This article describes one way to handle asynchronous or async calls in .Net 3.5 or .Net 4.0 when using WCF in Silverlight in C#. The goal is to have a final operation wait for all the calls to finish so to combine all the data gathered, all in a thread safe way. A secondary goal is to minimize the consumer code required to perform this operation from what is currently available in straight WCF async calls.
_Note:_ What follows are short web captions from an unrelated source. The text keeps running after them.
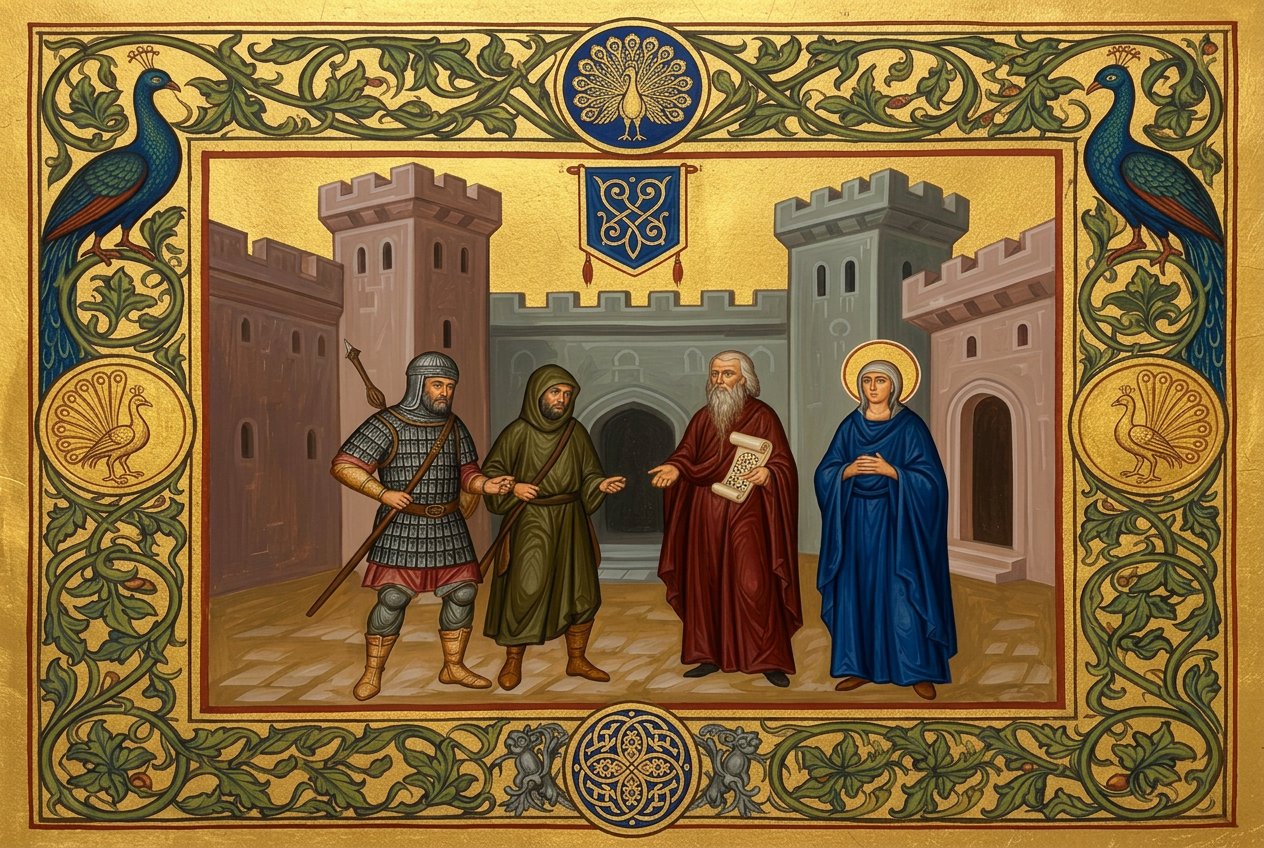 A Byzantine-illumination-style portrait of a soldier, priest, Syrian guard, and village healer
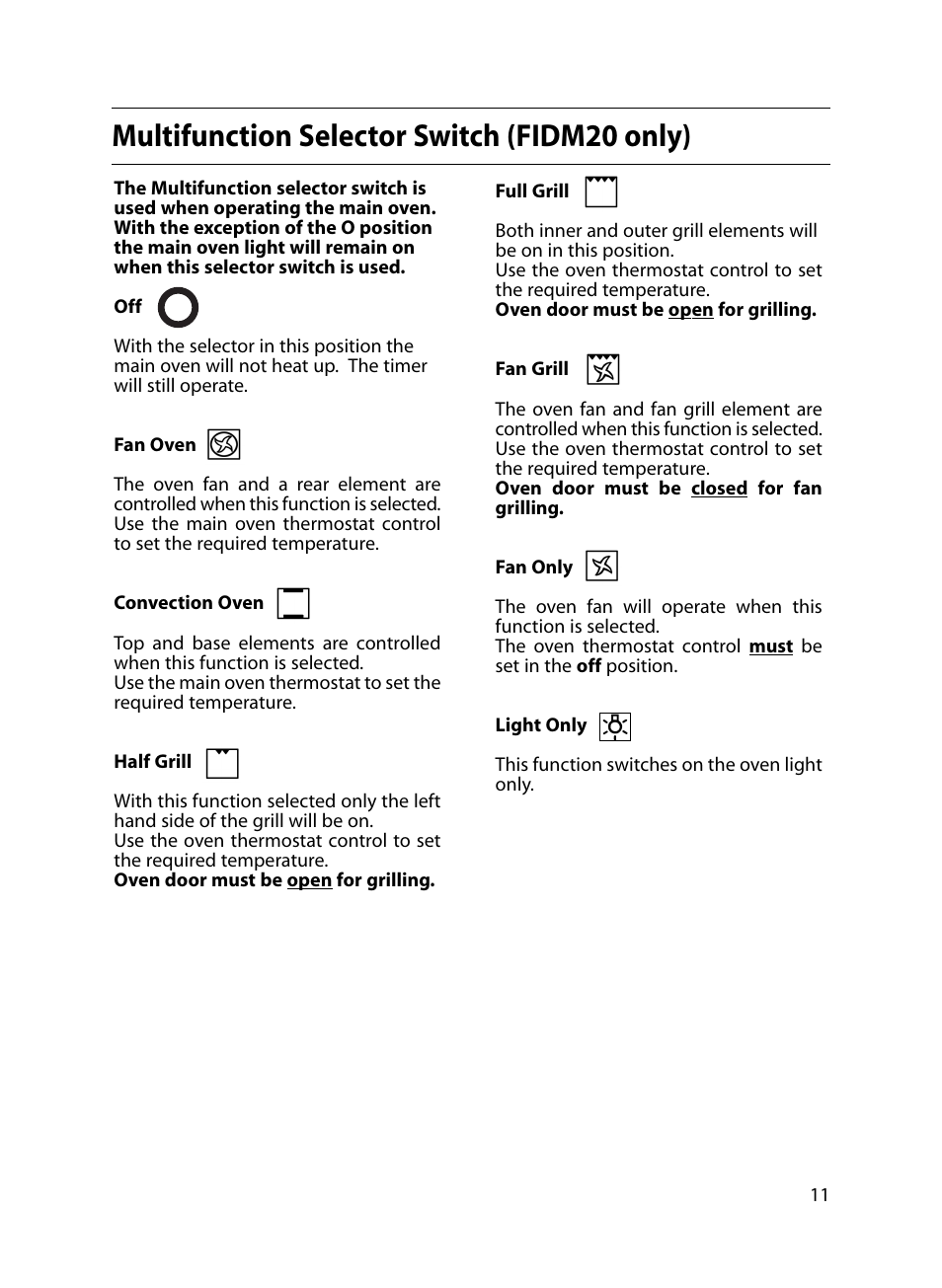 Multifunction selector switch (fidm20 only) | Indesit FIDM20 Mk2 User Manual | Page 11 / 48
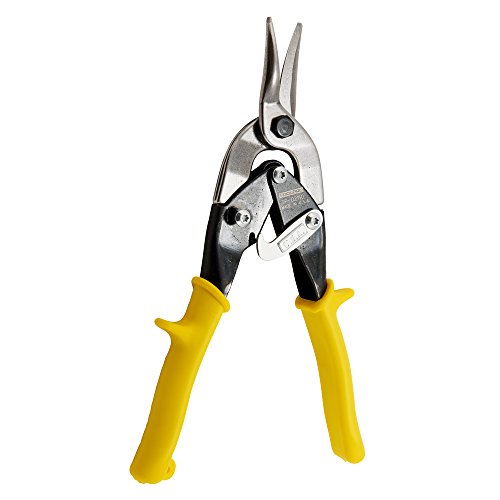 Cisaille à coupe droite ToolPro jaune pour couper la tôle précisément sans effort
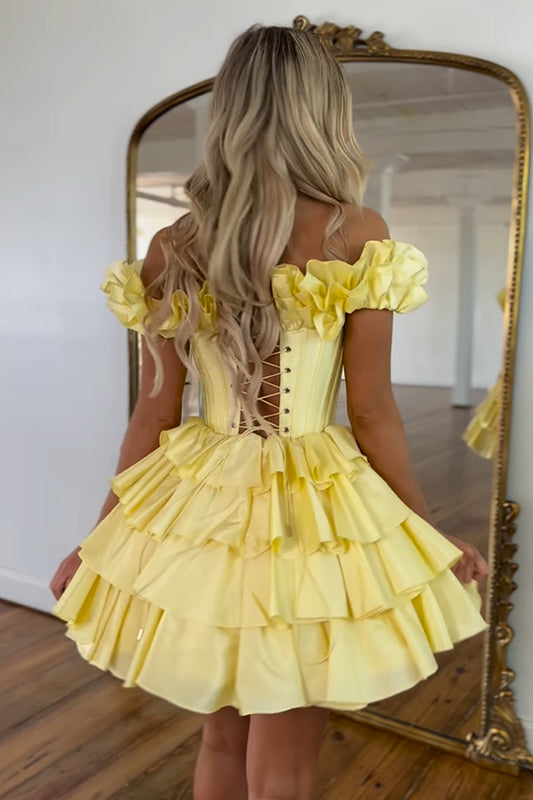 Yellow Off The Shoulder Corset Short Homecoming Dress With Ruffles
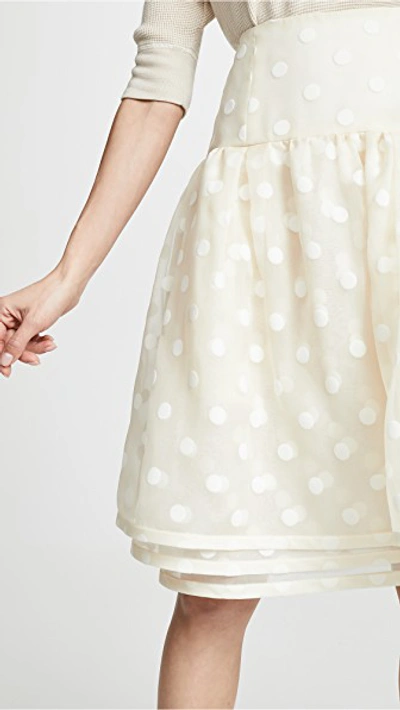 Shop Marc Jacobs Layered Polka Dot Tulle Skirt In Ivory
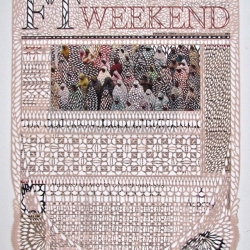 Cut lace newspapers by Myriam Dion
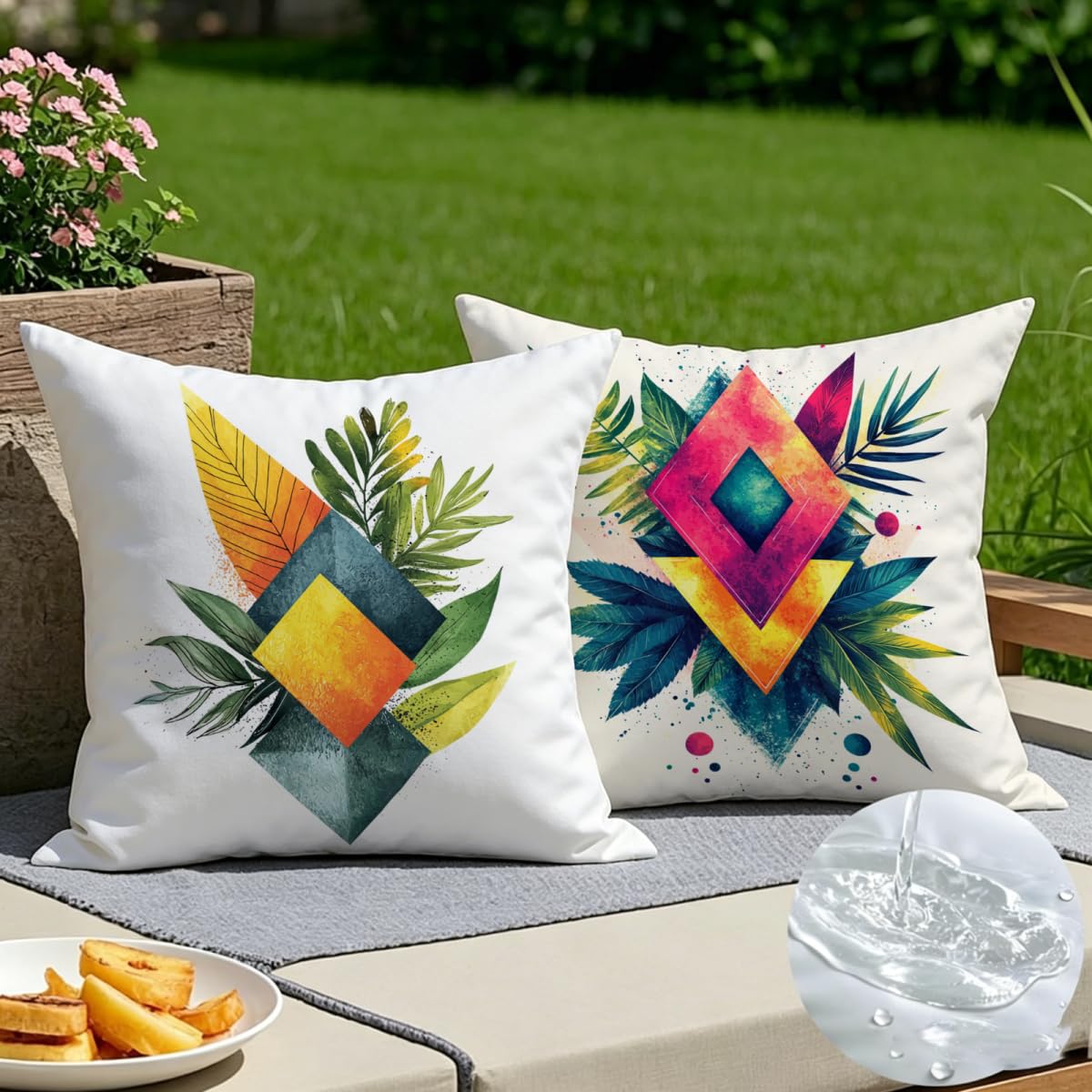 Housse coussin 60x60 lin lot de 2 pour rénover un canapé usé facilement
This article has a short shelf life because after .Net 4 (see What’s Next in C#? Get Ready for Async!) one will use the built in Asynchrony methodology developed. Until that time if one is using any version of Silverlight and WCF then this article describes how to handle those multiple async calls and join the data in a final method call.
Final Result Example
Before delving into the solution, here is how the consumer will use the methodology. Below a user is getting account information of user requests, departments and accounts to join all the data on the view model in the final method for display on a Silverlight page. Thesee operations as shown are setup when the view model class (MyViewModel) is created and no blocking occurs keeping UI thread clear.
public MyViewModel()
{
DataContext = new MyServiceClient();
FinalAsync(CombineDataAndDisplay); // When all the data is retrieved, do this method to combine the data From the 3 async callls below
// Provide the operation as a lambda (could be a method call) to assign data to our target backing store property
// and if all has gone well (no errors in other async calls) and it is the final completing operation. Do the final
// Processing call automatically.
DataContext.GetUserRequestsCompleted += (s, e) => { AssignResultCheckforAllAsyncsDone(e, e.Result, ref _UserRequests, "Acquisition failure for User Requests");};
DataContext.GetAccountsCompleted += (s, e) => { AssignResultCheckforAllAsyncsDone(e, e.Result, ref _Accounts, "Acquisition Failure for Accounts"); };
DataContext.GetDepartments += (s, e) => { AssignResultCheckforAllAsyncsDone(e, e.Result, ref _Departments, "Failed to get Department Info."); };
// Start the Async processes
MultipleAsyncRun(DataContext.GetUserRequestsAsync);
MultipleAsyncRun(DataContext.GetAccountsAsync);
MultipleAsyncRun(DataContext.GetDepartmentsAsync);
// Exit out and return the UI thread to the user operations.
}
// Once all the data is done, combine and assign into our
// PagedCollectionView property for display on the screen.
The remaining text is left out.